For those who would like to continue, application is made. The application will include the recommendation of his pastor; wife's consent; consent of adult children; and letters of recommendation from co-workers and others who know him.
Applications are reviewed by the Committee on Admissions and Scrutinies, which makes recommendations to the bishop. The bishop makes ultimate decisions for every phase.
For those selected to continue, the three-year period of candidacy begins. Over these years, "they become a lector, an acolyte, then a deacon," Father Alengadan said.
At every stage, Father Alengadan said, there's evaluation from multiple sources including peers and the formation adviser, who is a deacon. There's also feedback from the candidate's wife and his pastor's evaluation.

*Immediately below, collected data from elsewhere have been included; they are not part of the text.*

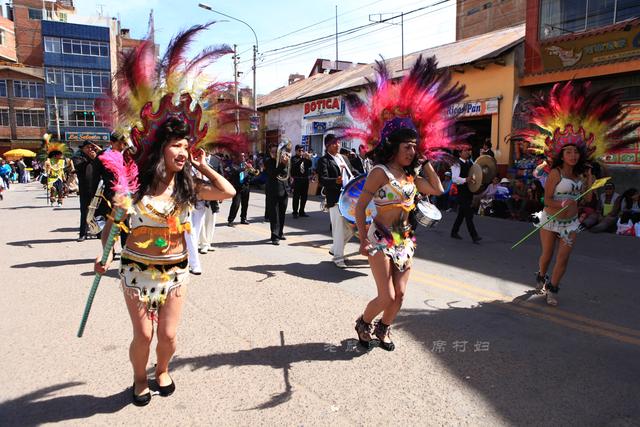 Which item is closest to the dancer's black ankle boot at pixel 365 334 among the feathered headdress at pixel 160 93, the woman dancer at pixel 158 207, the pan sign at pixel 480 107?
the woman dancer at pixel 158 207

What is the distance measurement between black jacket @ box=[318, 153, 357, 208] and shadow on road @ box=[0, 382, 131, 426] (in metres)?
4.85

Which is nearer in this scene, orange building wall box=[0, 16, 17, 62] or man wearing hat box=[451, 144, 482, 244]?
man wearing hat box=[451, 144, 482, 244]

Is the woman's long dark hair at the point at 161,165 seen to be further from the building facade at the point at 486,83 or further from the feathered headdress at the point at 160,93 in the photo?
the building facade at the point at 486,83

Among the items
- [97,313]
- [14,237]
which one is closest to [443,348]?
[97,313]

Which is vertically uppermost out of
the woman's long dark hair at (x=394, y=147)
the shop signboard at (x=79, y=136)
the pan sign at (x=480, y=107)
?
the shop signboard at (x=79, y=136)

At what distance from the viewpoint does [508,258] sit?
7.97 metres

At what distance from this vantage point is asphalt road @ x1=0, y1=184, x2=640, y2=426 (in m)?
3.15

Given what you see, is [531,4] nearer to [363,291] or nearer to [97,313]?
[363,291]

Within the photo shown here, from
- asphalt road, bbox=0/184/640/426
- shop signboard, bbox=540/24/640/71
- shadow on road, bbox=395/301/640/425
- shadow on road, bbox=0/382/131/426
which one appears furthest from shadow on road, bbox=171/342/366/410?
shop signboard, bbox=540/24/640/71

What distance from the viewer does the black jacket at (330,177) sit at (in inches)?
304

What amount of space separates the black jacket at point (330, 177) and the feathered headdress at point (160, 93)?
4.02 metres

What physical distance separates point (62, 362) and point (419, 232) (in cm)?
774

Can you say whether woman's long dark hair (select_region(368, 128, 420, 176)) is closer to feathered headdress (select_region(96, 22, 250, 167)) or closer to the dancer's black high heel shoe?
feathered headdress (select_region(96, 22, 250, 167))

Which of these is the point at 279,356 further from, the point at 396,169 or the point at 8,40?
the point at 8,40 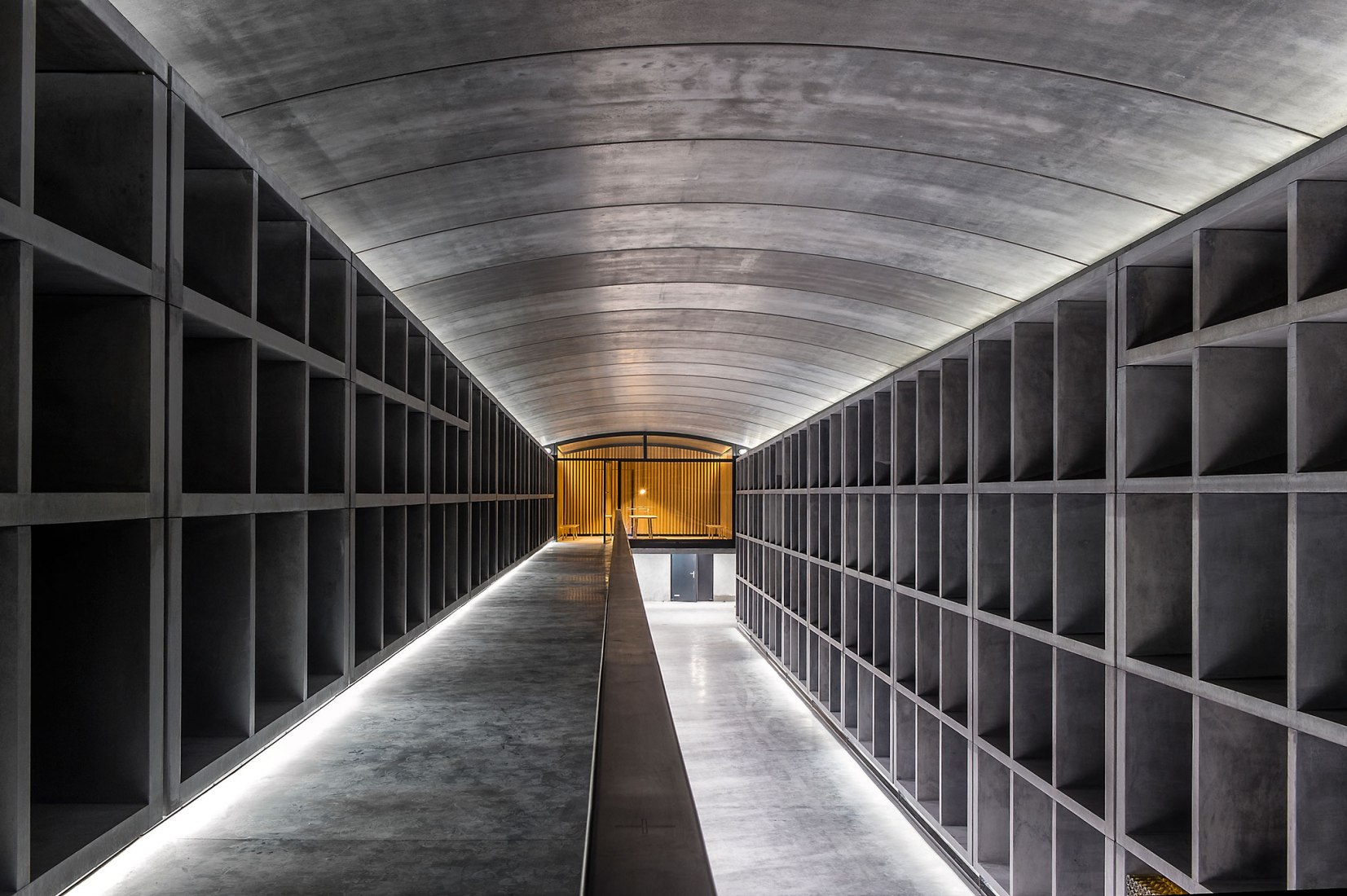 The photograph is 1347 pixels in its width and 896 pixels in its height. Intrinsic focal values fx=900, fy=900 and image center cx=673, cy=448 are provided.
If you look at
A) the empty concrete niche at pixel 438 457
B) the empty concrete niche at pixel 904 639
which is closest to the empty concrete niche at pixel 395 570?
the empty concrete niche at pixel 438 457

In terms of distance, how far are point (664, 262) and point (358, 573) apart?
14.2 ft

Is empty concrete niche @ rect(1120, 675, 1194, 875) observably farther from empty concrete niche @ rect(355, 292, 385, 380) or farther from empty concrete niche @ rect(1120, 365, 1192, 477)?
empty concrete niche @ rect(355, 292, 385, 380)

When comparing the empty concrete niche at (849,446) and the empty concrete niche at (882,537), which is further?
the empty concrete niche at (849,446)

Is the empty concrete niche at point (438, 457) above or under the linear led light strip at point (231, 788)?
above

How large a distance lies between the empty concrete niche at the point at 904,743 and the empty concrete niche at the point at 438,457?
214 inches

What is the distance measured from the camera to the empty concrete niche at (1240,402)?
4.51 meters

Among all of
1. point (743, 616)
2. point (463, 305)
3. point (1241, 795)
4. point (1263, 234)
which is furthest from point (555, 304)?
point (743, 616)

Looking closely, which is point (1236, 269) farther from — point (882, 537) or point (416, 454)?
point (882, 537)

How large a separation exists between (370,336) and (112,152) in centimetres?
278

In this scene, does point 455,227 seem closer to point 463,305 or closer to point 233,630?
point 463,305

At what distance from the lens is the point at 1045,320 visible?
6.69 m

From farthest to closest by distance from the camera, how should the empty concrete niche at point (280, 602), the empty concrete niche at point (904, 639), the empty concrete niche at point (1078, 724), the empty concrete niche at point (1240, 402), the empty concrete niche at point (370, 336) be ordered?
the empty concrete niche at point (904, 639)
the empty concrete niche at point (1078, 724)
the empty concrete niche at point (370, 336)
the empty concrete niche at point (1240, 402)
the empty concrete niche at point (280, 602)

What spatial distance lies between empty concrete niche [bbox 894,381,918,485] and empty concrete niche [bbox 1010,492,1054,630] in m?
2.66

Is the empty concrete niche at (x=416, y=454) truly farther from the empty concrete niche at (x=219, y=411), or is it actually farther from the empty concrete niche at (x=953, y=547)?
the empty concrete niche at (x=953, y=547) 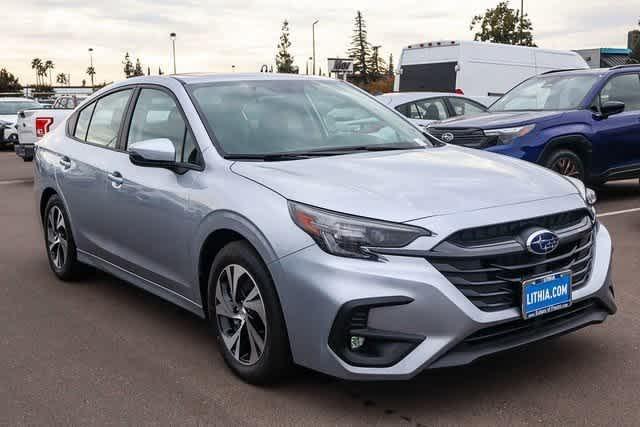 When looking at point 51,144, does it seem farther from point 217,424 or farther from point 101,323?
point 217,424

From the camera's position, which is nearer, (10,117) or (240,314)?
(240,314)

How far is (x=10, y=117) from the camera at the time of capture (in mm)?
24859

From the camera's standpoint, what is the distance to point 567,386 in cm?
394

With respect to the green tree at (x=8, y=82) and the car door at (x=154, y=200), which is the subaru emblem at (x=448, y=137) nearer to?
the car door at (x=154, y=200)

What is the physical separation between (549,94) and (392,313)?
750cm

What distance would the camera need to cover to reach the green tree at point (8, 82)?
10344cm

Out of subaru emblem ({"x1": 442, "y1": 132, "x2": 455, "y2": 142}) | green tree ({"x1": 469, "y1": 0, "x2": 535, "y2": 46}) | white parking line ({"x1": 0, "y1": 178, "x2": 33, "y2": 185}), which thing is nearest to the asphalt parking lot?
subaru emblem ({"x1": 442, "y1": 132, "x2": 455, "y2": 142})

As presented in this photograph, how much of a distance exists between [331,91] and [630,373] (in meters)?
2.55

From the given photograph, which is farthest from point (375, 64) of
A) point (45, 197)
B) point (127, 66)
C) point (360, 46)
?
point (45, 197)

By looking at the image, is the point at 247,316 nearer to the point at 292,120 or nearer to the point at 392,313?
the point at 392,313

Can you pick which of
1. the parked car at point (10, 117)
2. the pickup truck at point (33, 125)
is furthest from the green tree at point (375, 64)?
the pickup truck at point (33, 125)

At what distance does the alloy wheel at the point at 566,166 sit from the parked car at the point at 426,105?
9.74 ft

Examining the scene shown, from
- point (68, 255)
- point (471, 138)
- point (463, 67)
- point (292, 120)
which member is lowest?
point (68, 255)

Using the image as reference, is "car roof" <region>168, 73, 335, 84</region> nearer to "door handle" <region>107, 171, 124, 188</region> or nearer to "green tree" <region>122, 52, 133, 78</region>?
"door handle" <region>107, 171, 124, 188</region> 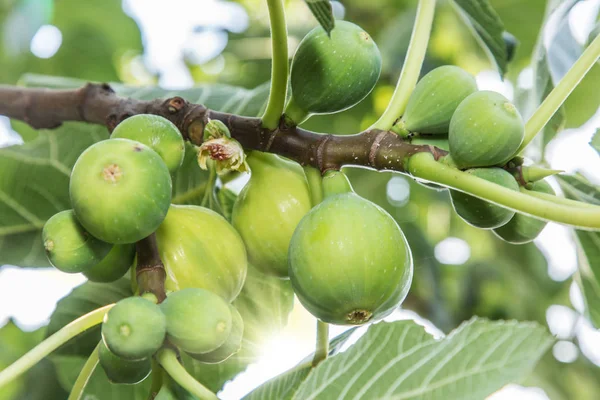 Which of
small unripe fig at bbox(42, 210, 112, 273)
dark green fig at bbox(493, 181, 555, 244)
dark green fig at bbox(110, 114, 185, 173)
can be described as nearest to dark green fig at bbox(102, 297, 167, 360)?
small unripe fig at bbox(42, 210, 112, 273)

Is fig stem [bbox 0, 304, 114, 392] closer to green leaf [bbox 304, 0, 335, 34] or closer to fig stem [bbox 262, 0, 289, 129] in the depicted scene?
fig stem [bbox 262, 0, 289, 129]

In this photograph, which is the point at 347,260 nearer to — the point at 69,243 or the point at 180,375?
the point at 180,375

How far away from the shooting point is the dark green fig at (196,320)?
93 centimetres

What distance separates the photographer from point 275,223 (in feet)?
3.74

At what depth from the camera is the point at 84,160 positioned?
0.94 m

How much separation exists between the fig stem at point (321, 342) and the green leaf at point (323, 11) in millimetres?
510

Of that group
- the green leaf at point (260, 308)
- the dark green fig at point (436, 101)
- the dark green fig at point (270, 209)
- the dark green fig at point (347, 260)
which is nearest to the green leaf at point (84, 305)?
the green leaf at point (260, 308)

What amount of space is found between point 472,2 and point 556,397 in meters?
1.86

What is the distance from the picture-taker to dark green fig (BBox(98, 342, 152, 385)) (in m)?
1.01

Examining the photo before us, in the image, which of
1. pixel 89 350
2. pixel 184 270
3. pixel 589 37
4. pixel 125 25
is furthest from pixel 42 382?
pixel 125 25

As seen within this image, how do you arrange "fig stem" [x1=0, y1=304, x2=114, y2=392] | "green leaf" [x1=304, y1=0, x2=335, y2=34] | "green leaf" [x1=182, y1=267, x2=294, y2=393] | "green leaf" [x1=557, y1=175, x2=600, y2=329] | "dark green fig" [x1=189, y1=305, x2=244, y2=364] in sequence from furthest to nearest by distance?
"green leaf" [x1=182, y1=267, x2=294, y2=393], "green leaf" [x1=557, y1=175, x2=600, y2=329], "dark green fig" [x1=189, y1=305, x2=244, y2=364], "fig stem" [x1=0, y1=304, x2=114, y2=392], "green leaf" [x1=304, y1=0, x2=335, y2=34]

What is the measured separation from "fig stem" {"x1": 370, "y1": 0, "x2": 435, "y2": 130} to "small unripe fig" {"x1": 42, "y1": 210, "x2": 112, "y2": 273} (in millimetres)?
467

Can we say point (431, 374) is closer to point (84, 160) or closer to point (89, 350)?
point (84, 160)

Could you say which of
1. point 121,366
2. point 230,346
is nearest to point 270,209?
point 230,346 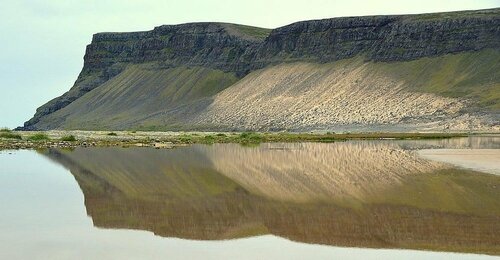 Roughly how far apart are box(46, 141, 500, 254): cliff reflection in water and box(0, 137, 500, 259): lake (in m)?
0.04

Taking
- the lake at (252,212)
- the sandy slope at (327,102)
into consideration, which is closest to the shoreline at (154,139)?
the sandy slope at (327,102)

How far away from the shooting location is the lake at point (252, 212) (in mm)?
19078

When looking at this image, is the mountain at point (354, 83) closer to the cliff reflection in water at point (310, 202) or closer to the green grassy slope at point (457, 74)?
the green grassy slope at point (457, 74)

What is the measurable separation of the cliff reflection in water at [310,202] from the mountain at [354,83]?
91797 millimetres

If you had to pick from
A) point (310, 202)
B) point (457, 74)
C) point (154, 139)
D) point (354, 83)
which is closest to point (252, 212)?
point (310, 202)

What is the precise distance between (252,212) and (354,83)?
445 ft

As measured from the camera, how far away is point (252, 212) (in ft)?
83.9

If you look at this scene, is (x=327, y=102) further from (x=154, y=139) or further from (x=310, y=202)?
(x=310, y=202)

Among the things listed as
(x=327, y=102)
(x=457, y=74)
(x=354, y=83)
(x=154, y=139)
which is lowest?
(x=154, y=139)

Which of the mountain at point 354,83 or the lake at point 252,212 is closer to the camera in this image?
the lake at point 252,212

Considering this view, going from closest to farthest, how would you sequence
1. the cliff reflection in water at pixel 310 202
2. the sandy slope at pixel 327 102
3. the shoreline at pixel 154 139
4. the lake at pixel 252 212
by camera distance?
the lake at pixel 252 212
the cliff reflection in water at pixel 310 202
the shoreline at pixel 154 139
the sandy slope at pixel 327 102

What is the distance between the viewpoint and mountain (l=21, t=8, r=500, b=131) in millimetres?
142000

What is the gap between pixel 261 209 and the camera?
26.3 m

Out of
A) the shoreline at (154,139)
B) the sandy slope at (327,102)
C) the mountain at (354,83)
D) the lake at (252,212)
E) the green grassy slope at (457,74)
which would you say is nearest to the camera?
the lake at (252,212) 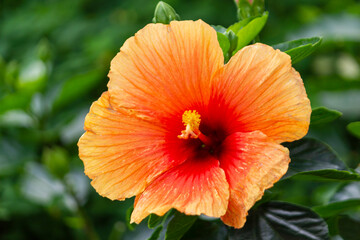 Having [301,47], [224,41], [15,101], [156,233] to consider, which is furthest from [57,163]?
[301,47]

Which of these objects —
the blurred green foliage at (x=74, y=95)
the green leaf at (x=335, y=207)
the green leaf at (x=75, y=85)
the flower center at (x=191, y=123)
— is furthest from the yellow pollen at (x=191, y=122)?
the green leaf at (x=75, y=85)

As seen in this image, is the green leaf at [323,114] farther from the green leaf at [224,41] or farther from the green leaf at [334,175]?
the green leaf at [224,41]

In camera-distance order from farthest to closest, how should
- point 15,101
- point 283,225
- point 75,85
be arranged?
point 75,85 → point 15,101 → point 283,225

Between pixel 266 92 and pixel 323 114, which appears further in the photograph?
pixel 323 114

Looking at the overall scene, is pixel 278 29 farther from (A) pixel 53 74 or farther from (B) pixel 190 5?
(A) pixel 53 74

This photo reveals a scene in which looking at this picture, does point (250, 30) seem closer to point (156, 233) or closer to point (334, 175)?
point (334, 175)

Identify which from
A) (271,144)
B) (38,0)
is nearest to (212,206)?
(271,144) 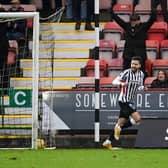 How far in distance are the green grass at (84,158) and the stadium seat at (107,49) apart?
16.5 ft

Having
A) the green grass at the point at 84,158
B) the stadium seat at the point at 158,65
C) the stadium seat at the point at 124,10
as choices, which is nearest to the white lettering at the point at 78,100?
the green grass at the point at 84,158

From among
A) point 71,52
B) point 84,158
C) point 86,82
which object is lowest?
point 84,158

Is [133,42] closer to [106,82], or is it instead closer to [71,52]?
[106,82]

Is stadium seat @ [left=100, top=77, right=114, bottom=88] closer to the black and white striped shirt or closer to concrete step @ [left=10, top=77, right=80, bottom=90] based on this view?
concrete step @ [left=10, top=77, right=80, bottom=90]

Candidates are placed in two internships during this phase. During the Charity and Justice internship, under supervision, the candidate serves in hospital, prison or grief ministry. Candidates have also been placed with Maryknoll and Catholic Charities. Supervisors provide feedback.
After that, candidates are placed for a one year liturgical internship in a parish other than their own, where they are supervised by the pastor or a deacon.
Among the projects they take on is an in-depth study of a parish, in which they go to all groups and get an idea, what makes it.
The candidates work with a spiritual adviser, and also meet in small groups once or twice a month.
After ordination, the deacon becomes a Minister of the Word, Sacrament, Charity and Justice.
As a minister of the Word, he can proclaim the Gospel and preach the homily. As a minister of the sacrament, he can baptize, perform the rite of marriage and preside at vigil and graveside services. He can assist at Mass.
As a minister of Charity and Justice, he may serve as a hospital or prison chaplain.
When asked what are the attributes of a deacon, Father Alengadan said to look at the meaning of word, which is Greek for service.
"He's a servant; the servant model leader," he said. "That becomes very powerful: serving as minister of Word and Sacrament in the parish; minister of charity in the hospitals and prisons, where they need his help."